Taxation Institute of Australia senior counsel Michael Dirkis says, “the devil is in the detail”.

“You have to approach something like this with a degree of scepticism, but that’s not to say you don’t have an open mind. You have to balance what are simple clear tax laws with the need to make sure we haven’t gone so far tax doesn’t make sense.”

Dirkis says the danger of a “cashflow” tax comes when it moves away from internationally accepted norms, which may scare away foreign investors.

“We haven’t ruled it out, and think it should be part of the mix – we just have a little bit of concern about things that are a bit left field.”

Frank Drenth, executive director of the Corporate Tax Association, says the move to a cashflow tax system would need to be “as simple as possible”.

“I’m not saying it wouldn’t work, put sometimes it may have strange outcomes and that would have a major impact on the Government’s revenue.”

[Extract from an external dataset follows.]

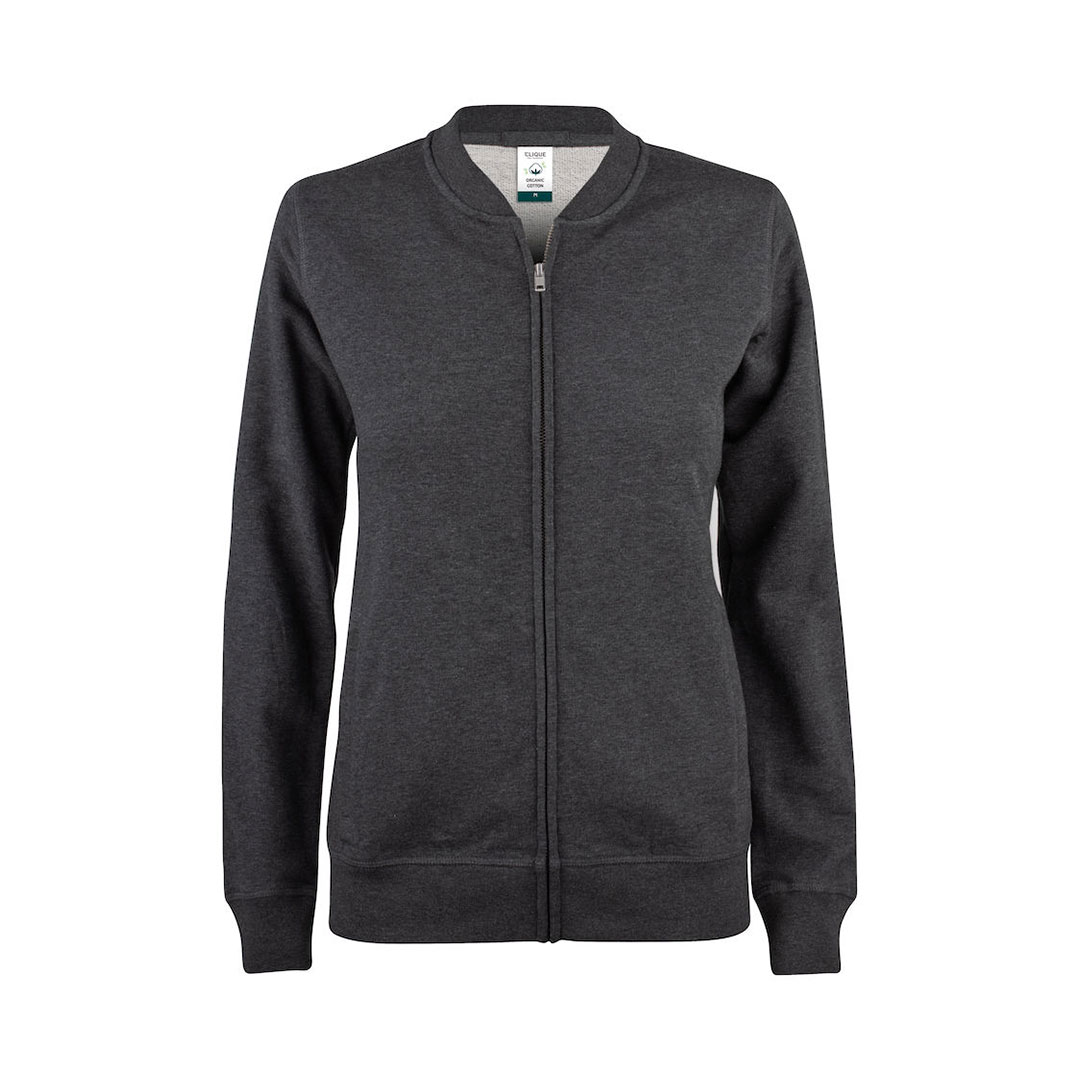 CLIQUE Premium OC Cardigan Dame - Øko Bomuld-Mørkegrå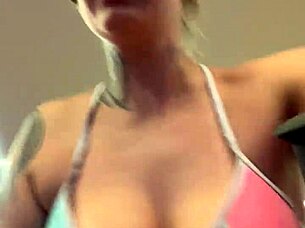 Beach Gym Bikini Ignites Wild Horniness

Proponents of a cashflow tax argue the system would be much simpler, and would result in less avoidance, but Drenth says implementing the system would not be so easy.

“It certainly would be simpler,” Drenth says, “but there’s a few wrinkles to it.”

The announcement comes as a Board of Taxation study finds SMEs are struggling to deal with complexity within the tax system. Its small business tax compliance costs study argues the time and effort needed to meet tax expenses has grown considerably, and smaller firms are feeling the most impact.

It also says any reductions in compliance costs for firms will be gradual, and the complexity of tax legislation is due to taxpayers’ need for certainty.

“The provision of a range of choices, concessions and thresholds for small businesses in the tax system adds to complexity and encourages small businesses to seek professional advice, which increases their monetary compliance costs,” the study reports.